Wednesday, February 10, 2010

Poor Einstein

I've been thinking a lot about stuff lately - baby stuff. Particularly, finding the right balance between being well-prepared and outsmarting the baby industry's drive to encourage consumption. We're not too big on stuff at our place. The less we have the less we have to keep clean - the less there is to dust, pick-up, polish and put back in place (and keep the kitties out of or away from) and the less likely it is that we'll be featured on Hoarders. The exceptions of course being plants, shoes and scarves (okay so these are probably more my exceptions than our exceptions).

Reading other blogs and reviews online has been a big help in deciding what works, what doesn't work and what you actually need in those first few months. Last week I made a big list to help dissolve some of the panic that set in any time I ventured into a department store baby section. Do I really need Baby's Learning Laptop? A Light-Up Learning Camera? Despite becoming slightly dizzy over the amount of plastic these toys use, I am amused by their emphasis on learning and the implication that without them your child won't likely make it out of the third grade. Remember the Baby Einstein flop? Poor Einstein.
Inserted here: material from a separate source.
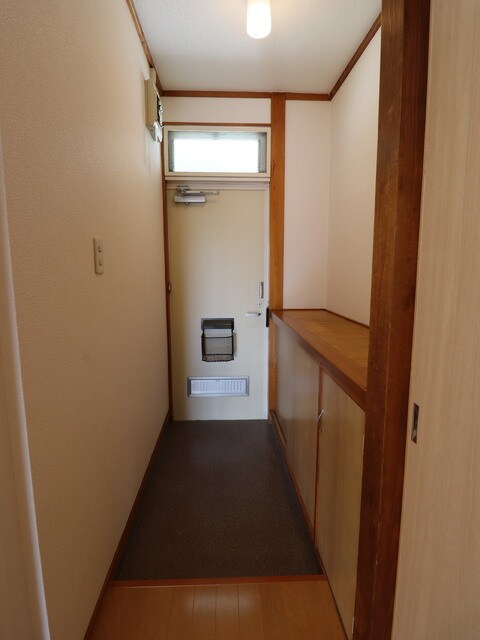 物件内観写真11　(★ゆったりした玄関スペース★)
I can see how the baby industry has become such an unwieldy monster. New parents want to do the right things - to provide and love and nurture - and are nervous (to say the least) about how to go about seeing to these intangibles. I find it helps to think about the childhoods of my parents and their parents and all the generations of exceptional and loving and well-rounded humans who came before and who thrived without the Light-Up Learning Camera. While they didn't get things perfect I don't think any generational shortcomings can be linked to a dearth of eleven-piece pink doctor sets.

Not that I envision Frankie Moon sitting in an empty nursery playing with old tin cans and pieces of rubber. Books are awesome. And blocks and trains and paints and forts. And games and going outside and make believe. I know this sounds lofty but it also sounds like fun!

When Toys Take Over sums things up pretty nicely. I've copied a few excerpts below but the whole thing is a really good read.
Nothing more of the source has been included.